Activity. Below are records; work out how many of their lines contain "with" and give only that number.

[Input for this task Boundary: Start]

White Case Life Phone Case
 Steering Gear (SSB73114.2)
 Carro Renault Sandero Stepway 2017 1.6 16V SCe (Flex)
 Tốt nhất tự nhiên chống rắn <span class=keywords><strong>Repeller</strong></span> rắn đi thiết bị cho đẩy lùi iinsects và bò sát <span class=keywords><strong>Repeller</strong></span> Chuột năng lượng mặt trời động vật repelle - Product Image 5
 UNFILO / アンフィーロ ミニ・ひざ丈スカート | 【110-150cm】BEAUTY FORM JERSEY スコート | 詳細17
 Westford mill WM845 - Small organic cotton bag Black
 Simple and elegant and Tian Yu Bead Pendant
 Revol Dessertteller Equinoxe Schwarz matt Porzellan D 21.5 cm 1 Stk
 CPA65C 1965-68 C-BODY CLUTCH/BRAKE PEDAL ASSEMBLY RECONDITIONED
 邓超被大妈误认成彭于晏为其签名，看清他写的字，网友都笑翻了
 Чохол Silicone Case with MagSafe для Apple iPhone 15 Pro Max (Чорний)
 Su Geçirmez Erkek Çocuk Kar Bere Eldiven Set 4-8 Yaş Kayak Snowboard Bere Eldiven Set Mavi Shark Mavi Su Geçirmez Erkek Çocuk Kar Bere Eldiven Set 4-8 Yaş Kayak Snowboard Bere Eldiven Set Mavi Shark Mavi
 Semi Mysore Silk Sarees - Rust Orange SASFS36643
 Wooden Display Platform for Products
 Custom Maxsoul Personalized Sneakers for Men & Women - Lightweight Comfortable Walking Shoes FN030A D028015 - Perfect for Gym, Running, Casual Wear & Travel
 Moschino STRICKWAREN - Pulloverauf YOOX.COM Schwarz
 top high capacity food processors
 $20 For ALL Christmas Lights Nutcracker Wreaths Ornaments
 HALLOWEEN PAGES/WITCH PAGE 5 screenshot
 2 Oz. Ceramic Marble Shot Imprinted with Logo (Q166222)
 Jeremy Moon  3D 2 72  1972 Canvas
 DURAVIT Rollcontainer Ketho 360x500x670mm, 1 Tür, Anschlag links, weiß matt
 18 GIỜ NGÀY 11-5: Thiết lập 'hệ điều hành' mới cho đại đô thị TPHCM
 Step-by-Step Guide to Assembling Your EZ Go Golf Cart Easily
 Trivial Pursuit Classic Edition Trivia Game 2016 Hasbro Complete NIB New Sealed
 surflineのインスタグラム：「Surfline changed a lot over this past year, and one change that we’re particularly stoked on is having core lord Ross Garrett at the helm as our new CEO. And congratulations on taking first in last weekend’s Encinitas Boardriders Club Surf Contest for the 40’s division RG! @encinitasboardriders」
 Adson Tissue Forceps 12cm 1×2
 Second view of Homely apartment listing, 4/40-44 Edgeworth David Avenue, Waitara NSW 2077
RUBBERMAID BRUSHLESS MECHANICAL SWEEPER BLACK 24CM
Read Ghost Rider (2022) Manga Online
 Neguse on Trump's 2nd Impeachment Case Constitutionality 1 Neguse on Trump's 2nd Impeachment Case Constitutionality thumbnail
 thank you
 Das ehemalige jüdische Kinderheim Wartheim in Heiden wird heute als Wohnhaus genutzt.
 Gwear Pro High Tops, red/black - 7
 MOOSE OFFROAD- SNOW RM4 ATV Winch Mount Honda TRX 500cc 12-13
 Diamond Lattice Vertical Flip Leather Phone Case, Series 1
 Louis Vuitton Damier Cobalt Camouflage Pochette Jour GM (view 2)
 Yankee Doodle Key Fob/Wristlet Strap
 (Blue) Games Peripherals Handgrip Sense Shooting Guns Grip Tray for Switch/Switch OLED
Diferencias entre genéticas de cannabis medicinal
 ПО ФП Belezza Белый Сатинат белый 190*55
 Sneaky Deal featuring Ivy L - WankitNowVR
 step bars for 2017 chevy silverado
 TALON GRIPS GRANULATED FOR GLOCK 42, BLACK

[Input for this task Boundary: End]

Response to the exercise. 2